Material for this task Start Marker

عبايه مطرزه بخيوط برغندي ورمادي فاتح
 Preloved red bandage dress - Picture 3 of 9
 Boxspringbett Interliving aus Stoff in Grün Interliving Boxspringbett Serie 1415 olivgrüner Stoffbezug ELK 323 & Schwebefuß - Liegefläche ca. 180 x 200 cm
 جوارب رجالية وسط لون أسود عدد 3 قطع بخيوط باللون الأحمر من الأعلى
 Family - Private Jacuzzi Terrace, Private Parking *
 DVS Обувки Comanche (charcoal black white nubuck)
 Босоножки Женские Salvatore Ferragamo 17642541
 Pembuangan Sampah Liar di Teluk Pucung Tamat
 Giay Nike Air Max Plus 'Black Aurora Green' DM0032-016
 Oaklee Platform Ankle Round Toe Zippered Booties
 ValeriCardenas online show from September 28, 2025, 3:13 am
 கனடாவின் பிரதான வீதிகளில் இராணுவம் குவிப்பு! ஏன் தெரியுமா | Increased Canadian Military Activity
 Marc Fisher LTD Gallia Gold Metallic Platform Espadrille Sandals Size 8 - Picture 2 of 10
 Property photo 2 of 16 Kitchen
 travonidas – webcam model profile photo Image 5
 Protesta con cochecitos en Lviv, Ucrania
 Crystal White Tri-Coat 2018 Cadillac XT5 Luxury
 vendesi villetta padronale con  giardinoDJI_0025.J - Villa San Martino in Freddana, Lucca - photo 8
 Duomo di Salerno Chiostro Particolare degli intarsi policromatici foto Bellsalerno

Material for this task End Marker

Would you repeat the lines from the one containing "Boxspringbett Interliving aus" through the end of the data, exactly, with nothing before or after them?

## Reply:
 Boxspringbett Interliving aus Stoff in Grün Interliving Boxspringbett Serie 1415 olivgrüner Stoffbezug ELK 323 & Schwebefuß - Liegefläche ca. 180 x 200 cm
 جوارب رجالية وسط لون أسود عدد 3 قطع بخيوط باللون الأحمر من الأعلى
 Family - Private Jacuzzi Terrace, Private Parking *
 DVS Обувки Comanche (charcoal black white nubuck)
 Босоножки Женские Salvatore Ferragamo 17642541
 Pembuangan Sampah Liar di Teluk Pucung Tamat
 Giay Nike Air Max Plus 'Black Aurora Green' DM0032-016
 Oaklee Platform Ankle Round Toe Zippered Booties
 ValeriCardenas online show from September 28, 2025, 3:13 am
 கனடாவின் பிரதான வீதிகளில் இராணுவம் குவிப்பு! ஏன் தெரியுமா | Increased Canadian Military Activity
 Marc Fisher LTD Gallia Gold Metallic Platform Espadrille Sandals Size 8 - Picture 2 of 10
 Property photo 2 of 16 Kitchen
 travonidas – webcam model profile photo Image 5
 Protesta con cochecitos en Lviv, Ucrania
 Crystal White Tri-Coat 2018 Cadillac XT5 Luxury
 vendesi villetta padronale con  giardinoDJI_0025.J - Villa San Martino in Freddana, Lucca - photo 8
 Duomo di Salerno Chiostro Particolare degli intarsi policromatici foto Bellsalerno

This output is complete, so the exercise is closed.